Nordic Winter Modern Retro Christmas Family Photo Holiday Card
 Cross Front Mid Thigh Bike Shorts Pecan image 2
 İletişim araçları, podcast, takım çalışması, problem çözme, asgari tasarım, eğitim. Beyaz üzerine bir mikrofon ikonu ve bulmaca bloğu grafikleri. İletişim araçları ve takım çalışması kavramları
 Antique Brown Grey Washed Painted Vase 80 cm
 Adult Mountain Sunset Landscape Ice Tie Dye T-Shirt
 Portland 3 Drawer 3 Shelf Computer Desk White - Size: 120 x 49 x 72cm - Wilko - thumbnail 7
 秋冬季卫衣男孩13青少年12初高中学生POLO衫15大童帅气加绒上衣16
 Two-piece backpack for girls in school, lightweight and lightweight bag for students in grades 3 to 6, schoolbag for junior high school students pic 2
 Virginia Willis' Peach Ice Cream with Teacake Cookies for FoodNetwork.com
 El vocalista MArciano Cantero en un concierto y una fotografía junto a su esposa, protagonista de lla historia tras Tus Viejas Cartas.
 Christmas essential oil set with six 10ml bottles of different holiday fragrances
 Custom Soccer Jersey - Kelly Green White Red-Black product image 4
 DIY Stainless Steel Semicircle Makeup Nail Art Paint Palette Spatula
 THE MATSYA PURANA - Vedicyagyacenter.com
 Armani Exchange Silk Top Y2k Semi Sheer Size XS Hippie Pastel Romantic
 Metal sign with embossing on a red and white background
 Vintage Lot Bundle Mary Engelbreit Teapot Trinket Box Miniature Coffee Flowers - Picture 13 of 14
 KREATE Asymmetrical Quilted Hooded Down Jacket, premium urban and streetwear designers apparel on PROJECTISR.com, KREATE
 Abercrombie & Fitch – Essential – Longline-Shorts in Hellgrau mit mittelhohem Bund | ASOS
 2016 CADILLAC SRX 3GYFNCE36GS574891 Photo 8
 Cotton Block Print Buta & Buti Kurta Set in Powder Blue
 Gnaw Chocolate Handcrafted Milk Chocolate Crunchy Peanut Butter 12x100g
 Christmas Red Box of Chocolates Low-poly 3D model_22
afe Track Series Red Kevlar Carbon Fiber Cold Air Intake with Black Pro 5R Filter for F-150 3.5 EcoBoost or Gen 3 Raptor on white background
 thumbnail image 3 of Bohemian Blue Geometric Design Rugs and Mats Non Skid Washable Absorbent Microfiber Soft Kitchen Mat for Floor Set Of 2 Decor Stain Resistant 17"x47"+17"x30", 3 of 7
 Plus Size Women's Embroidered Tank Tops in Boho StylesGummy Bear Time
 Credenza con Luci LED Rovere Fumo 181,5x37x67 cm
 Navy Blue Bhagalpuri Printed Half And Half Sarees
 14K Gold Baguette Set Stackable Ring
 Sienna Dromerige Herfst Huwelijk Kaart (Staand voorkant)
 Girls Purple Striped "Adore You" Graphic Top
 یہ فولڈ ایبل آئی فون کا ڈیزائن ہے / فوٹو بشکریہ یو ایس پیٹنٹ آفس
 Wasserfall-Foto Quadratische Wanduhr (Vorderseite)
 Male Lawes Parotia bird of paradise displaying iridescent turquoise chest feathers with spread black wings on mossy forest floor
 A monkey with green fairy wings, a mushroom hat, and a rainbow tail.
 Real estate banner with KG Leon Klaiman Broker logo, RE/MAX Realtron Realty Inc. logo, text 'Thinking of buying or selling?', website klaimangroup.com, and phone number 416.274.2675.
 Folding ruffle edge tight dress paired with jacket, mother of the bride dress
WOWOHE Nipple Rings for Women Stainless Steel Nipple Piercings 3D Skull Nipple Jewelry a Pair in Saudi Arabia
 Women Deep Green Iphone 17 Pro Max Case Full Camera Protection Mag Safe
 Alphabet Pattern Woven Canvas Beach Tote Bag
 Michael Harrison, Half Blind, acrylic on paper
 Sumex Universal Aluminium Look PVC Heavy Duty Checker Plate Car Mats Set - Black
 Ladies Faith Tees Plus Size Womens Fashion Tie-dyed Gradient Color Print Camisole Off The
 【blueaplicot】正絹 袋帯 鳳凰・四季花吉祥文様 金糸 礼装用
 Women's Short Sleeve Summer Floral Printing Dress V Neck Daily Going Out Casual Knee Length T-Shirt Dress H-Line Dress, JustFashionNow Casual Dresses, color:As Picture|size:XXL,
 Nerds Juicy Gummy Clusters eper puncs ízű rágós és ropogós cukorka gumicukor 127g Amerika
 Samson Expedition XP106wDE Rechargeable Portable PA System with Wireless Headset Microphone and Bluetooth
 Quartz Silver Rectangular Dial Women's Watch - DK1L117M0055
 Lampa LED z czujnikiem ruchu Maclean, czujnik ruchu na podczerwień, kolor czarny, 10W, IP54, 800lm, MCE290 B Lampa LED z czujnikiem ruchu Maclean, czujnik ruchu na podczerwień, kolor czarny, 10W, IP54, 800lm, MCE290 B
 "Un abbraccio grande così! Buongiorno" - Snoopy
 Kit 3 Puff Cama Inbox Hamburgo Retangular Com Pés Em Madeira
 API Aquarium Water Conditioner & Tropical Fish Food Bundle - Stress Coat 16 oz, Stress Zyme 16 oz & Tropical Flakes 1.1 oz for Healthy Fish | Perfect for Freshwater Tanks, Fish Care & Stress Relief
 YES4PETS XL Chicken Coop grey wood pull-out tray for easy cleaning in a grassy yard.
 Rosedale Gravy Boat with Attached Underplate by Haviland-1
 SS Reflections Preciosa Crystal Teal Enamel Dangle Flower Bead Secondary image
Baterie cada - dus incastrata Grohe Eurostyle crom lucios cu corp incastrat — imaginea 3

-----

Type out all of the material again, word for word.

Nordic Winter Modern Retro Christmas Family Photo Holiday Card
 Cross Front Mid Thigh Bike Shorts Pecan image 2
 İletişim araçları, podcast, takım çalışması, problem çözme, asgari tasarım, eğitim. Beyaz üzerine bir mikrofon ikonu ve bulmaca bloğu grafikleri. İletişim araçları ve takım çalışması kavramları
 Antique Brown Grey Washed Painted Vase 80 cm
 Adult Mountain Sunset Landscape Ice Tie Dye T-Shirt
 Portland 3 Drawer 3 Shelf Computer Desk White - Size: 120 x 49 x 72cm - Wilko - thumbnail 7
 秋冬季卫衣男孩13青少年12初高中学生POLO衫15大童帅气加绒上衣16
 Two-piece backpack for girls in school, lightweight and lightweight bag for students in grades 3 to 6, schoolbag for junior high school students pic 2
 Virginia Willis' Peach Ice Cream with Teacake Cookies for FoodNetwork.com
 El vocalista MArciano Cantero en un concierto y una fotografía junto a su esposa, protagonista de lla historia tras Tus Viejas Cartas.
 Christmas essential oil set with six 10ml bottles of different holiday fragrances
 Custom Soccer Jersey - Kelly Green White Red-Black product image 4
 DIY Stainless Steel Semicircle Makeup Nail Art Paint Palette Spatula
 THE MATSYA PURANA - Vedicyagyacenter.com
 Armani Exchange Silk Top Y2k Semi Sheer Size XS Hippie Pastel Romantic
 Metal sign with embossing on a red and white background
 Vintage Lot Bundle Mary Engelbreit Teapot Trinket Box Miniature Coffee Flowers - Picture 13 of 14
 KREATE Asymmetrical Quilted Hooded Down Jacket, premium urban and streetwear designers apparel on PROJECTISR.com, KREATE
 Abercrombie & Fitch – Essential – Longline-Shorts in Hellgrau mit mittelhohem Bund | ASOS
 2016 CADILLAC SRX 3GYFNCE36GS574891 Photo 8
 Cotton Block Print Buta & Buti Kurta Set in Powder Blue
 Gnaw Chocolate Handcrafted Milk Chocolate Crunchy Peanut Butter 12x100g
 Christmas Red Box of Chocolates Low-poly 3D model_22
afe Track Series Red Kevlar Carbon Fiber Cold Air Intake with Black Pro 5R Filter for F-150 3.5 EcoBoost or Gen 3 Raptor on white background
 thumbnail image 3 of Bohemian Blue Geometric Design Rugs and Mats Non Skid Washable Absorbent Microfiber Soft Kitchen Mat for Floor Set Of 2 Decor Stain Resistant 17"x47"+17"x30", 3 of 7
 Plus Size Women's Embroidered Tank Tops in Boho StylesGummy Bear Time
 Credenza con Luci LED Rovere Fumo 181,5x37x67 cm
 Navy Blue Bhagalpuri Printed Half And Half Sarees
 14K Gold Baguette Set Stackable Ring
 Sienna Dromerige Herfst Huwelijk Kaart (Staand voorkant)
 Girls Purple Striped "Adore You" Graphic Top
 یہ فولڈ ایبل آئی فون کا ڈیزائن ہے / فوٹو بشکریہ یو ایس پیٹنٹ آفس
 Wasserfall-Foto Quadratische Wanduhr (Vorderseite)
 Male Lawes Parotia bird of paradise displaying iridescent turquoise chest feathers with spread black wings on mossy forest floor
 A monkey with green fairy wings, a mushroom hat, and a rainbow tail.
 Real estate banner with KG Leon Klaiman Broker logo, RE/MAX Realtron Realty Inc. logo, text 'Thinking of buying or selling?', website klaimangroup.com, and phone number 416.274.2675.
 Folding ruffle edge tight dress paired with jacket, mother of the bride dress
WOWOHE Nipple Rings for Women Stainless Steel Nipple Piercings 3D Skull Nipple Jewelry a Pair in Saudi Arabia
 Women Deep Green Iphone 17 Pro Max Case Full Camera Protection Mag Safe
 Alphabet Pattern Woven Canvas Beach Tote Bag
 Michael Harrison, Half Blind, acrylic on paper
 Sumex Universal Aluminium Look PVC Heavy Duty Checker Plate Car Mats Set - Black
 Ladies Faith Tees Plus Size Womens Fashion Tie-dyed Gradient Color Print Camisole Off The
 【blueaplicot】正絹 袋帯 鳳凰・四季花吉祥文様 金糸 礼装用
 Women's Short Sleeve Summer Floral Printing Dress V Neck Daily Going Out Casual Knee Length T-Shirt Dress H-Line Dress, JustFashionNow Casual Dresses, color:As Picture|size:XXL,
 Nerds Juicy Gummy Clusters eper puncs ízű rágós és ropogós cukorka gumicukor 127g Amerika
 Samson Expedition XP106wDE Rechargeable Portable PA System with Wireless Headset Microphone and Bluetooth
 Quartz Silver Rectangular Dial Women's Watch - DK1L117M0055
 Lampa LED z czujnikiem ruchu Maclean, czujnik ruchu na podczerwień, kolor czarny, 10W, IP54, 800lm, MCE290 B Lampa LED z czujnikiem ruchu Maclean, czujnik ruchu na podczerwień, kolor czarny, 10W, IP54, 800lm, MCE290 B
 "Un abbraccio grande così! Buongiorno" - Snoopy
 Kit 3 Puff Cama Inbox Hamburgo Retangular Com Pés Em Madeira
 API Aquarium Water Conditioner & Tropical Fish Food Bundle - Stress Coat 16 oz, Stress Zyme 16 oz & Tropical Flakes 1.1 oz for Healthy Fish | Perfect for Freshwater Tanks, Fish Care & Stress Relief
 YES4PETS XL Chicken Coop grey wood pull-out tray for easy cleaning in a grassy yard.
 Rosedale Gravy Boat with Attached Underplate by Haviland-1
 SS Reflections Preciosa Crystal Teal Enamel Dangle Flower Bead Secondary image
Baterie cada - dus incastrata Grohe Eurostyle crom lucios cu corp incastrat — imaginea 3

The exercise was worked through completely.